Afreeca TV streamer ChulGu (center) (Screencap from Afreeca TV)
Afreeca TV streamer ChulGu (center) (Screencap from Afreeca TV)

South Korean livestreaming platform Afreeca TV faced criticism Thursday for its lackadaisical response to a recent sexual harassment case on its platform.

On Wednesday, ChulGu, a popular online streamer on Afreeca TV, allegedly made sexually offensive comments to a female streamer called Adlyn while on a show together.

“You’re so my type. You give me (explicit). I feel adrenaline shooting at one place,” ChulGu was seen as saying.

The female streamer, looking visibly perplexed by his sexual harassment, eventually ended her livestream in tears.

The incident was soon widely shared by internet users.
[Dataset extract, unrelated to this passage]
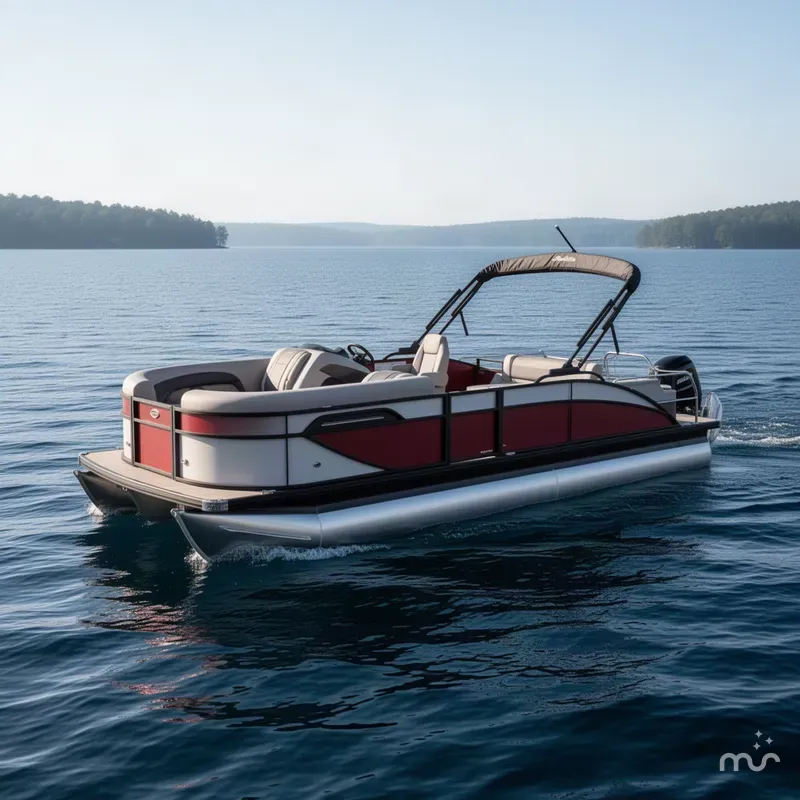 Slide: The Image of Barletta Cabrio 22UC 2027 - 1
Afreeca TV declined to comment on the case.

According to the Korea Communications Standards Commission, an internet censorship body here, there is no specific way to force a telecommunications service operator such as Afreeca TV to take corrective actions on harassment cases.

“Afreeca TV is not a broadcasting station but a telecomm service operator, because its platform is based on internet, not TV frequencies. As a result, the broadcasting law doesn’t apply to Afreeca TV,” a KCSC official said.

In cases of violations by broadcasting stations, a correction order sent by the commission is mandatory.

“However, KCSC’s orders are not legally binding,” a KCSC official said.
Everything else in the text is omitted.